WHAT YOU NEED TO DO
Within the listing below, please copy exactly the lines between the line holding "2016 Dodge RAM 1500 SLT" and the line holding "Elegantly renovated property", inclusive.

DATA
_ _ _

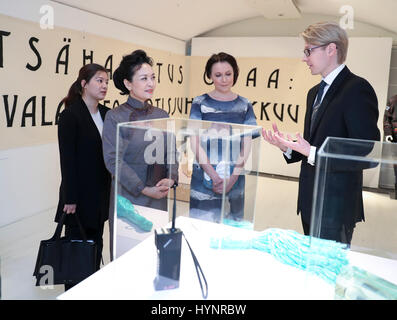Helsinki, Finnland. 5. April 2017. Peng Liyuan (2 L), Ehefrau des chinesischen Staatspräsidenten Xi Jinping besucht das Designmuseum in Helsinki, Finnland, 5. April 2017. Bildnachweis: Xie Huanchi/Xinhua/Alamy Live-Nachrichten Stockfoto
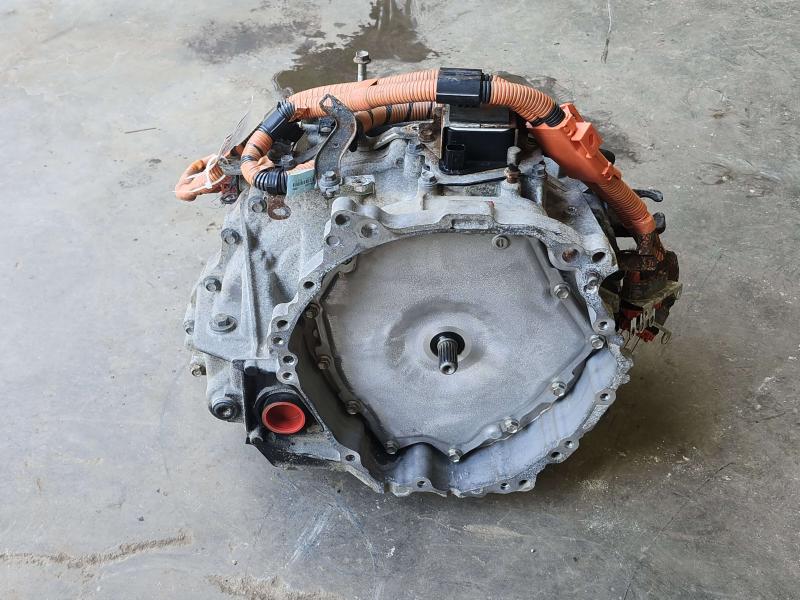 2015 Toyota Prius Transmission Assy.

_ _ _

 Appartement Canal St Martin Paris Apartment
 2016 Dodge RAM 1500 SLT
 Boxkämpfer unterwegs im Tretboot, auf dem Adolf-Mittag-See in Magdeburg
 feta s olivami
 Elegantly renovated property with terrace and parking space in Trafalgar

_ _ _

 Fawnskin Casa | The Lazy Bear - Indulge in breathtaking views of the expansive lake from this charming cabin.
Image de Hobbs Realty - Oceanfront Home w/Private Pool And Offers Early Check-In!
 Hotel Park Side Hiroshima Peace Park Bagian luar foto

_ _ _

ANSWER TO THIS PROBLEM
 2016 Dodge RAM 1500 SLT
 Boxkämpfer unterwegs im Tretboot, auf dem Adolf-Mittag-See in Magdeburg
 feta s olivami
 Elegantly renovated property with terrace and parking space in Trafalgar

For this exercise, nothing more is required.